President-elect Joe Biden’s transition team has moved into the next gear, reaching out to federal agencies in preparation for his incoming administration.
On Monday, the General Services Administration ascertained Biden was the winner of the 2020 presidential election. That freed up more federal funds for the president-elect’s team and gave them access to agencies’ personnel and documents.
Within 24 hours of the GSA decision, members of Biden’s transition team had contacted all of the government’s agencies, including the White House, according to a transition spokesman. Some of the agency review teams began arranging meetings yesterday, with roughly 20 scheduled through Tuesday.
Some of those meetings have already occurred.
Yesterday morning, Wes Carpenter, EPA’s acting deputy chief of staff and the senior career employee leading the agency’s transition, met with Patrice Simms, the lead for Biden’s EPA team, agency spokesman James Hewitt told E&E News.
"We will comply with any protocols directed by GSA," Hewitt said.
Other agencies are in touch with Biden’s team as well.
The Department of Energy has begun conversations with the Biden transition team, according to a DOE official.
Conner Swanson, an Interior Department spokesperson, said Interior had established its transition team in May as required under the Presidential Transition Act. That team is led by a director and made up of senior career officials from across the department.
"They will continue to comply with all requirements under the law," Swanson said.
Other offices at Interior are ready to help Biden’s transition effort.
"We will certainly engage as early as possible with them to explain who we are and what we do and what value we add on, and we also try to provide fraud awareness briefings," Interior Inspector General Mark Lee Greenblatt told E&E News in an interview.
Both sides have had to wait for the transition to formally begin.
News organizations called the presidential race for Biden on Nov. 7, but he had to wait 16 days until GSA sent him its ascertainment letter as President Trump disputed election results.
GSA Administrator Emily Murphy came under increasing scrutiny from Democratic lawmakers as the wait for the formal transition to begin went on for days.
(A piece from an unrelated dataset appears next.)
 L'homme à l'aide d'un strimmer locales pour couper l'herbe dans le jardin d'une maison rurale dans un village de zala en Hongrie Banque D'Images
More and more Republican elected officials also have acknowledged Biden’s victory.
Trump has tried to overturn the results, with his campaign filing a flurry of lawsuits and him lobbying state lawmakers to swing electors his way. Those efforts have fizzled as states have begun to certify vote totals.
Now the transition has moved forward. The agencies’ career staff have been responsive, receptive and helpful during the first hours of formal engagement with Biden’s team, according to a transition spokesman.
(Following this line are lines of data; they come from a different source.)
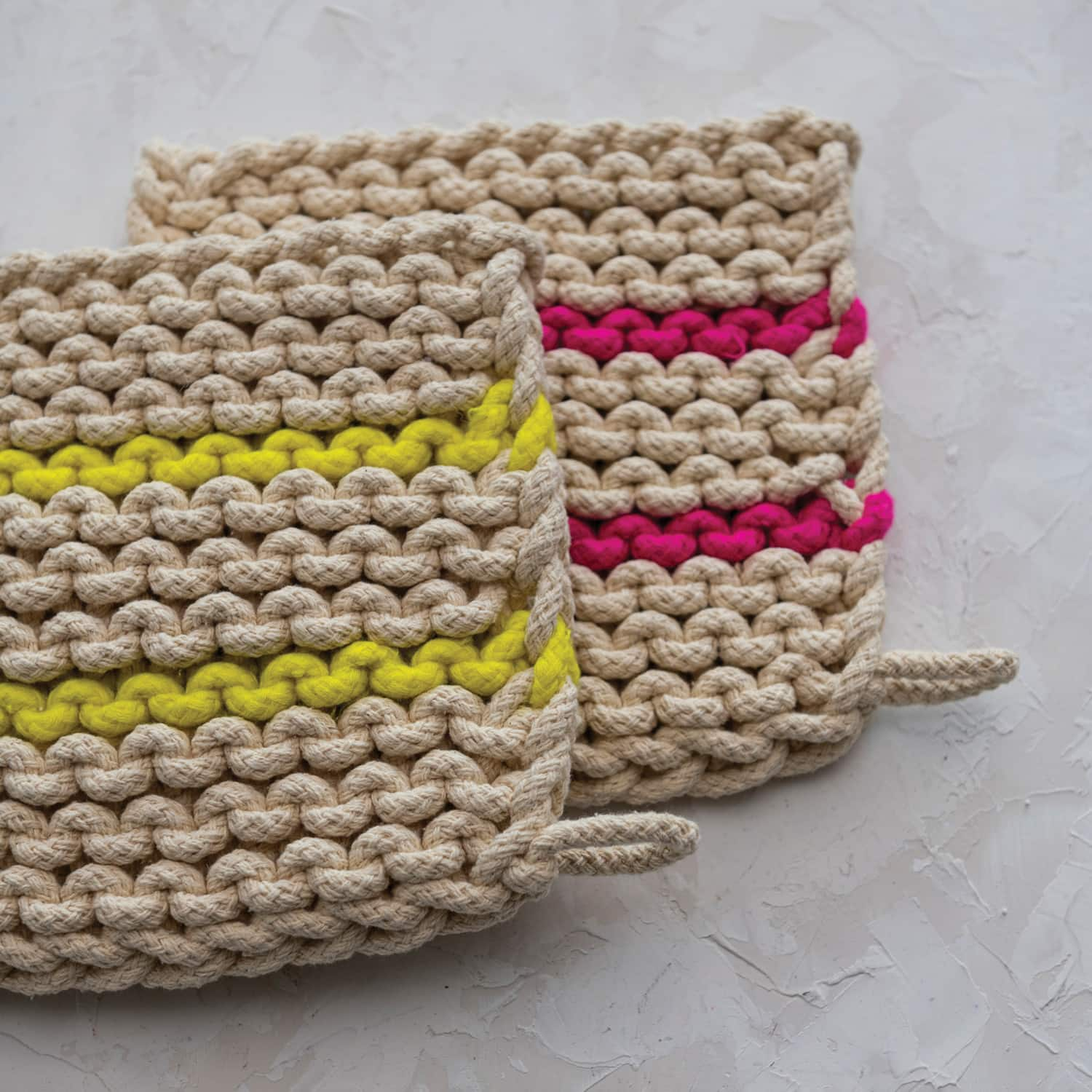 8&#x22; Neon Striped Multicolor Square Cotton Crocheted Pot Holder Set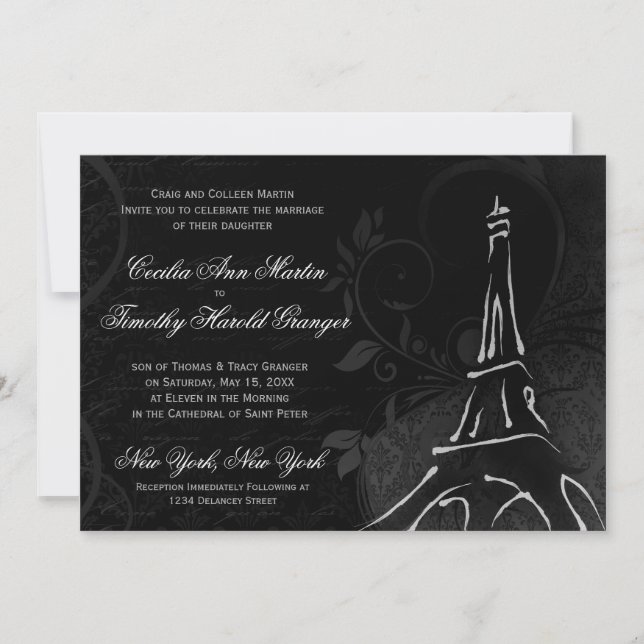 Convites Damask Parisienne - Casamento Negra à Meia-Noite (Frente)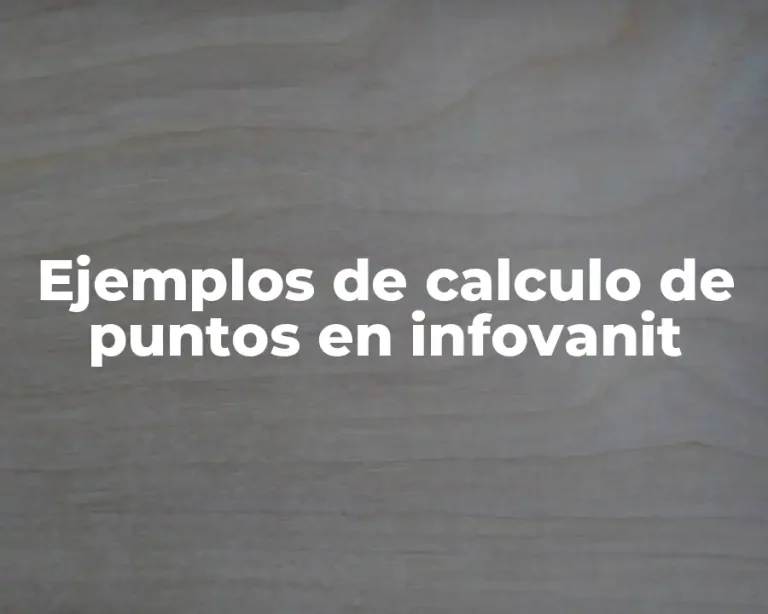 Ejemplos de calculo de puntos en infovanit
In the spring, senior career employees at DOE, EPA, Interior and elsewhere were picked by political leadership as agency transition directors. They were charged with running teams to prepare briefing materials and ready succession plans as they wait for the arrival of the president-elect’s appointees (Greenwire, Sept. 11).
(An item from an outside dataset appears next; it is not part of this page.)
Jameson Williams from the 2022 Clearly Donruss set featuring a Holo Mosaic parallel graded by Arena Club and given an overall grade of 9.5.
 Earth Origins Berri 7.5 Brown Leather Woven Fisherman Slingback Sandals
Biden’s transition team has also been preparing for this moment for months. They have assembled agency review teams to fan out to each part of the government and gear up for the next administration.
Several of those teams have alumni from the Obama administration, including former EPA officials who helped draft air, climate and water regulations that have been targeted by the Trump administration (Greenwire, Nov. 12).
"This is an amazing transition. They are prepared to hit the ground running," former EPA Administrator Carol Browner told reporters yesterday on a press call.
Browner, who led the agency during the Clinton administration, said Biden’s review team’s job will be to help prepare the next administrator and their team for the incoming administration.
The transition has also started revving up for the president-elect, too.
In an interview with NBC News, Biden said the White House was working on getting him the presidential daily briefs that assess threats to the country as well as access to staff working on the COVID-19 pandemic to discuss distribution of a vaccine.
"I must say the outreach has been sincere," Biden said. "It has not been begrudging so far, and I don’t expect it to be."
Reporters Lesley Clark and Michael Doyle contributed.